Entidades de imprensa reagiram ao processo. Ele foi classificado como um abuso, absurdo e equívoco. Segundo a Associação Nacional dos Jornais, trata-se de um equívoco do MPE. “Não se pode confundir matéria jornalística com propaganda eleitoral. O que a Folha fez foi jornalismo e não cabe punição”, afirma a entidade.

O presidente da ABI (Associação Brasileira de Imprensa), Maurício Azedo, entende que a entrevista é material jornalístico. “O fato de uma pessoa ser provável candidato não impede que os meios de comunicação continuem a entrevistá-la, porque isso não constitui propaganda eleitoral antecipada, e sim um exercício da liberdade de expressão.”
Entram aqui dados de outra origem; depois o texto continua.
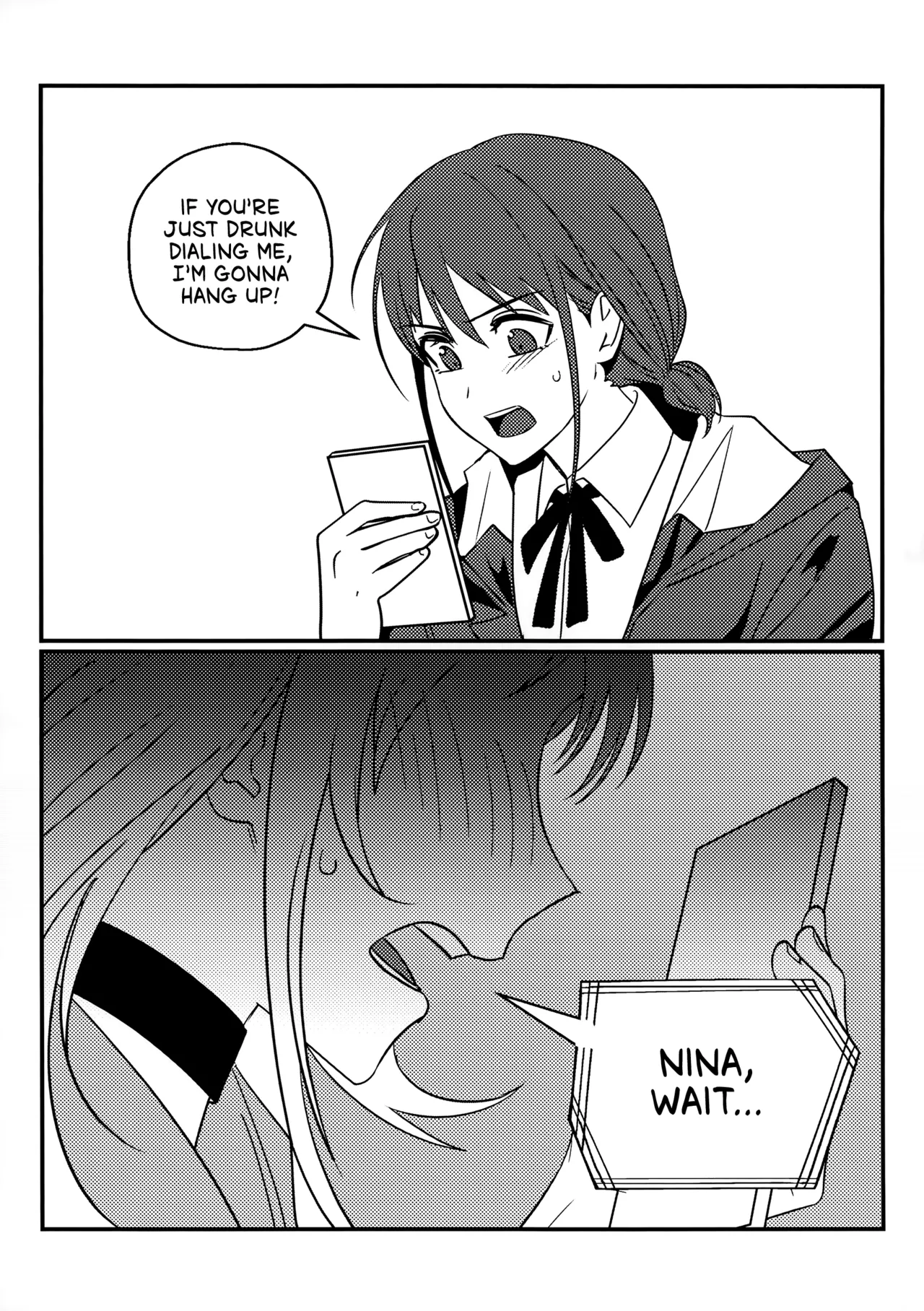 [molttak]Bulhyeobhwaeum - Fukyouwaon | Dissonance(Girls Band Cry) [English] [head empty] Page 11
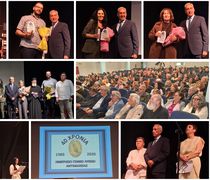 40 Χρόνια προσφοράς και μνήμης: Συγκινητική επετειακή εκδήλωση του Λυκείου Αντιμάχειας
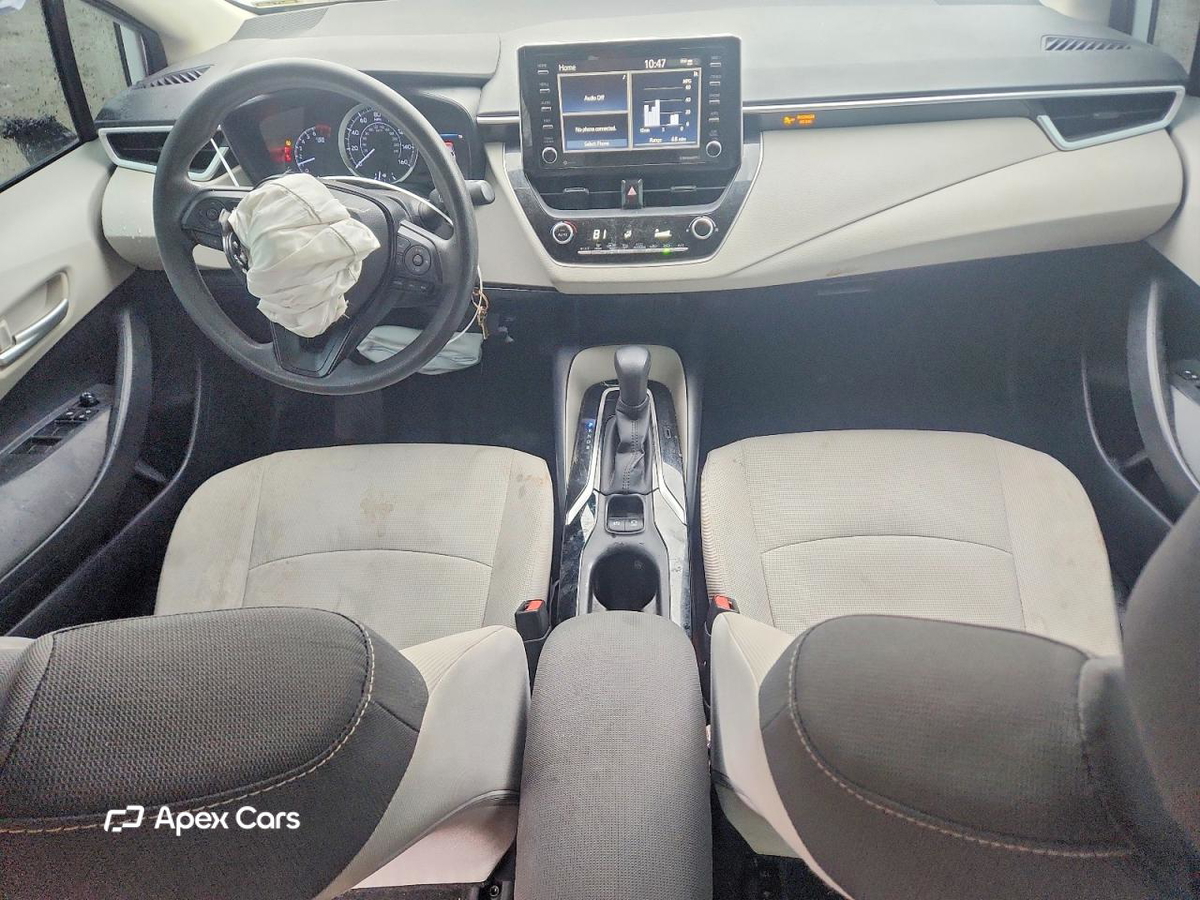 Toyota Corolla 2021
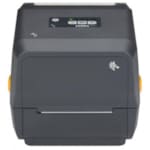 ZD421T, 8 pts/mm (203 dpi), RTC, USB, USB Host, BT (BLE), Ethernet avec réseau
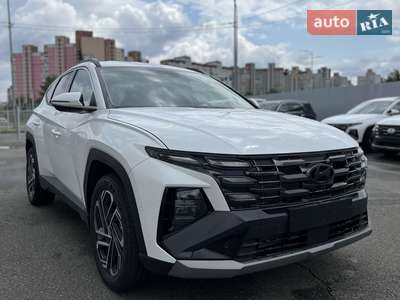 Hyundai Tucson 2024 Top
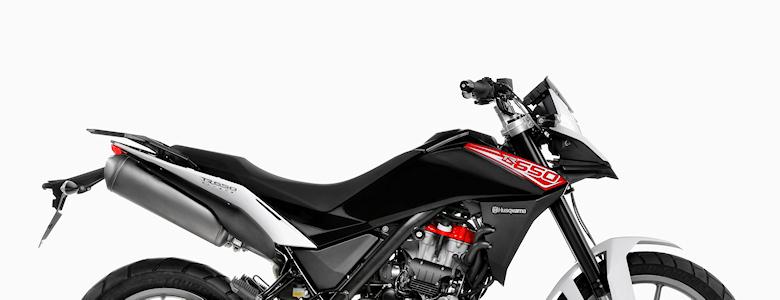 Updated: TR650 Strada and Terra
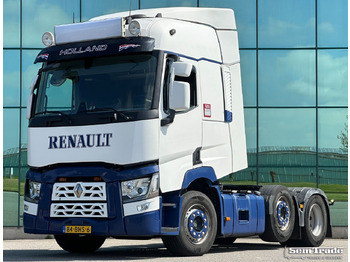 شاحنة جرار RENAULT T 460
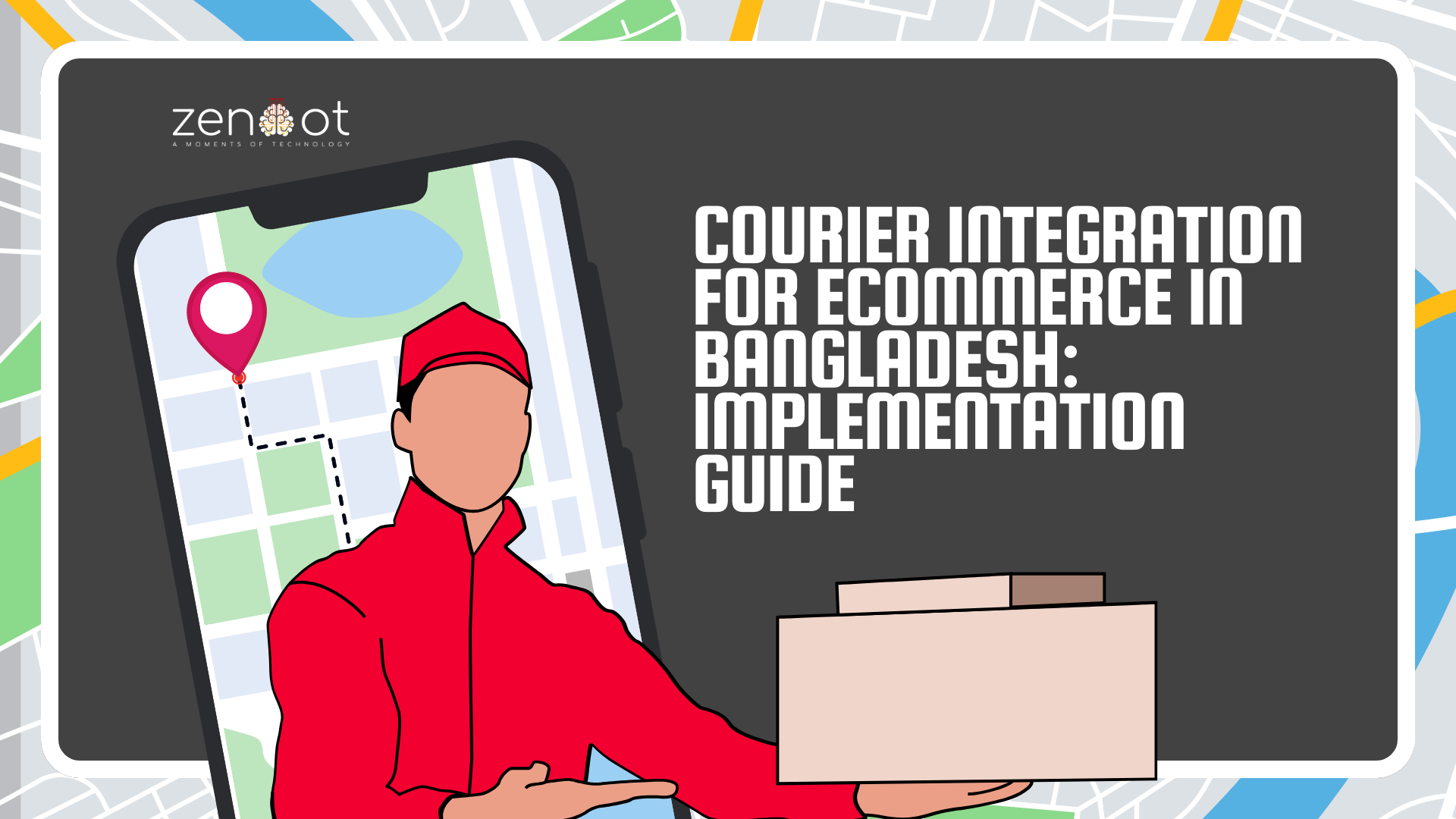 Courier Integration for Ecommerce in Bangladesh: Implementation Guide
Segundo Azedo, a ação contra o jornal “é um abuso, é uma manifestação totalitária que viola as disposições sobre liberdade de imprensa, nos termos assegurados na Constituição, com o pretexto de impedir propaganda eleitoral antecipada”.

O presidente da Fenaj (Federação Nacional dos Jornalistas), Sérgio Murillo de Andrade, diz que o rigor da Justiça Eleitoral “acaba resvalando no direito constitucional da liberdade de imprensa”. Para ele, “é censura, sim, e isso prejudica o cidadão, que ficaria sem conhecer os candidatos se houvesse apenas a propaganda eleitoral que, como o próprio nome diz, não é jornalismo”.

Até o adversário político de Marta, o prefeito de São Paulo, Gilberto Kassab (DEM), discorda dos promotores. “Entendo que a Folha não infringiu a legislação. Afinal de contas, a Marta foi prefeita, foi ministra. Foi uma entrevista com uma cidadã. O que a Folha fez foi entrevistar uma eventual postulante ao cargo de prefeita, assim como eu, que fui entrevistado diversas vezes.”

Ele se solidarizou com o jornal e pediu reflexão à promotoria. “Quero fazer aqui um pedido à promotoria Eleitoral que reflita com relação a essa ação para que possamos, com bastante diálogo, compreender melhor a importância que os órgãos de comunicação sérios, como a Folha, que precisam levar a mensagem daqueles que estão na vida pública para que a população conheça suas idéias e propostas.”

Já o ministro Carlos Britto, presidente do Tribunal Superior Eleitoral, afirmou em entrevista coletiva que a Justiça Eleitoral deve analisar caso a caso entrevistas ou reportagens publicadas na imprensa que sejam contestadas por suposta propaganda eleitoral. “O que (os jornais) devem fazer é evitar o proselitismo e o marketing pessoal”, afirmou. Sobre o caso da Folha, ele preferiu não comentar por entender que ele poderá chegar ao TSE.

Caso de Ribeirão Bonito

No começo do mês, o jornal Agosto, de Ribeirão Bonito (SP), teve uma edição censurada por ordem judicial. O jornal, pertencente à Associação Amarribo (Amigos Associados de Ribeirão Bonito), publicou entrevista com um dos candidatos a prefeito da cidade. O promotor da cidade considerou a reportagem propaganda eleitoral antecipada, interpretação aceita pela Justiça. Não apenas a edição foi recolhida, como teve de ser retirada da internet.

Na mesma edição em que foi publicada a entrevista, Agosto anunciou que todos os candidatos à prefeitura seriam entrevistados, recebendo o mesmo espaço, um por edição, e que a ordem das entrevistas seria definida por sorteio.

A Associação Brasileira de Jornalismo Investigativo (Abraji) considerou a decisão ato de censura. “O caso toma proporções ainda mais estranhas, pois os pré-candidatos que apareceram nas matéria foram citados como réus e intimados a dar explicações à Justiça, quando, segundo o jornal Agosto, nenhum deles foi consultado antes do texto ser publicado, a exceção do primeiro entrevistado, para dar as declarações ao periódico”, afirma nota da entidade.